En quoi consistait cette pratique ?... Voici : Au bout d'une ficelle
pendue au-dessus de la table à une solive du plafond, pendait
un morceau de sucre candi que chaque convive, tout à tour, avait
le droit de sucer quelques instants ; après quoi le sucre passait
sur d'autres lèvres. On ne sucrait pas son café ; on se
sucrait la bouche et on buvait son café ensuite.

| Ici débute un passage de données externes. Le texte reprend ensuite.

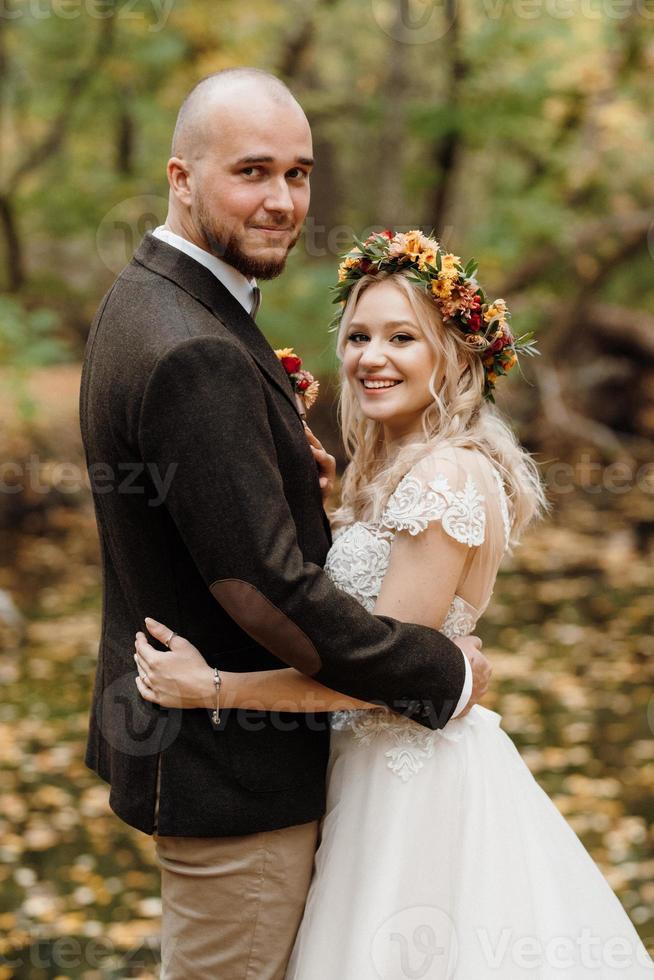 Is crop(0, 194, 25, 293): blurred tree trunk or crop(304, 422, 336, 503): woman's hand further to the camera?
crop(0, 194, 25, 293): blurred tree trunk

Ça ne devait pas être toujours agréable. J'ai pourtant
connu dans mon enfance un vieux paysan d'un village du Hainaut qui avait
gardé un délicieux souvenir du temps où l'on prenait
le café à la ficelle. Il contait qu'en sa jeunesse comme
il hésitait à demander en mariage une jolie voisine qui,
cependant, ne lui déplaisait pas, il avait été
convié certain jour par les parents de la belle à prendre
avec eux le café - le café à la ficelle, car on
ne le prenait pas autrement en ce temps-là.
Comme, en sa qualité d'invité, on lui passait le sucre
au bout de sa ficelle pour qu'il se servit le premier, il l'avait galamment
présenté à sa jolie voisine. Pendant quelques instants,
la jeune fille avait promené le petit cristal sur ses lèvres,
puis ayant pris la provision nécessaire pour boire son café,
elle le lui avait présenté en rougissant un peu. Il l'avait
sucé à son tour, le conservant plus longtemps que de raison,
tant il lui trouvait bon goût.
- Et dame, disait-il, comme je ne voulais pas que ces lèvres
si fraîches et si parfumées fûssent à un autre,
le café pris, je me déclarai tout de go...
***
Bien avant l'an 1810, on savait que certaines plantes d'Europe contenaient
du sucre. Olivier de Serres avait même parlé de la betterave
deux siècles auparavant. Mais on n'était pas alors très
fixé sur les vertus du sucre. Il avait ses enthousiastes mais
aussi ses ennemies. Certains lui reprochaient d'être plus échauffant
qu'adoucissant. Un médecin du XVIII siècle prétendait
que les Anglais, dévorés de scorbut et de phtisie, le
devaient à la consommation du sucre.
Par contre, les partisans du sucre assuraient qu'il fortifiait, engraissait,
donnait de la bonne humeur et assurait longue vie. On citait le cas
du duc de Beaufort qui avait vécu très vieux, en joie
et en santé, et qui, pendant la plus grande partie de son existence,
avait consommé une livre de sucre par jour.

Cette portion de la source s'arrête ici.